冬休み
冬は、寒い。本学には温水プールが完備してあり、ダイビングを行うサークルがたまに練習している。そこにウサギ耳のミスズが、参加しているのを目撃した。どうやら、夏に海へ行きダイビングをして、ジンベイザメなどを鑑賞するのが目的らしい。

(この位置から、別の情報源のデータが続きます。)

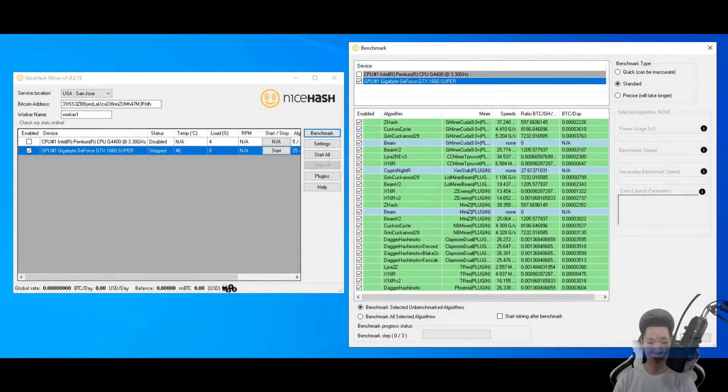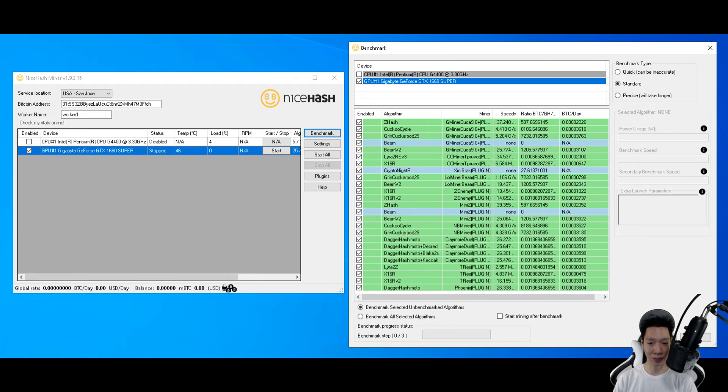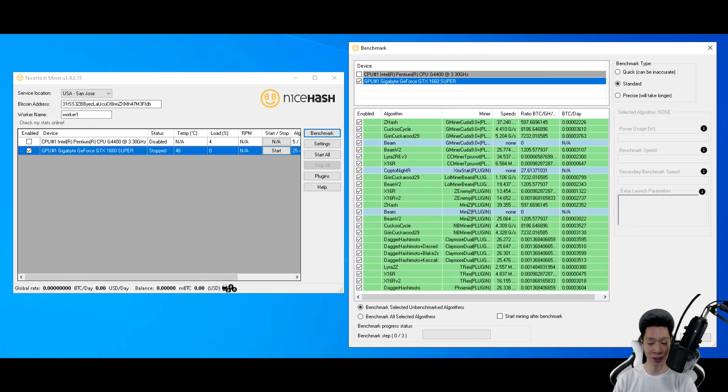Okay so this is the hash rates on the GTX 1660 Super on stock settings, but I'll go ahead and sum up the most relevant hash rates. For Ethereum I was averaging around 26.3 mega hashes, for Raven coin I was averaging around 16.1 mega hashes, for Grin coin I was averaging around 5.2 graphs per second, and for Beam I was averaging around 25.7 hashes.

「おい、ミスズ。おまえダイビングサークル『オルカ』に入ったのか?」
康弘は慌てて声をかける。
「いや、仮入部だよ。もともとダイビングの免許は持っているんだ。好きなんだよ。潜るのが」
「そうなのか、しかしフライングディスク部との両立は難しいんじゃない?」
「可能だよ。ダイビングのほうは隔週にしか活動してないし、主に夏の海に行くのが目的だから」
康弘は、ダイビングスーツとはいえ、みんな水着姿が見られるこのサークルに興味を持った。
『夏にみんなで潜るだけ』このキャッチフレーズにひかれ、康弘も仮入部することとなった。
「俺は、資格もってないから、シュノーケリングするかな」
康弘は泳げない、潜れないとダイビングのスキルがないため、海の上でプカプカ浮いている姿を思い浮かべた。
「練習すれば、泳げるようになるぞ。ダイビングには競泳のような泳ぎは必要ない。教えてやるよ」
ミスズがなんかうれしそうに答える。
「そっかー。教えてくれるなら、頼もうかな。足ひれなんかも必要なんでしょ?」
「そうだよ。大学に足ひれあるから、練習しなよ。ライセンス取得を目標としてやってみれば?」
ミスズは案外いつもとは違ってあっけらかんと答えた。もっときつい言葉を浴びると思っていたが拍子抜けだ。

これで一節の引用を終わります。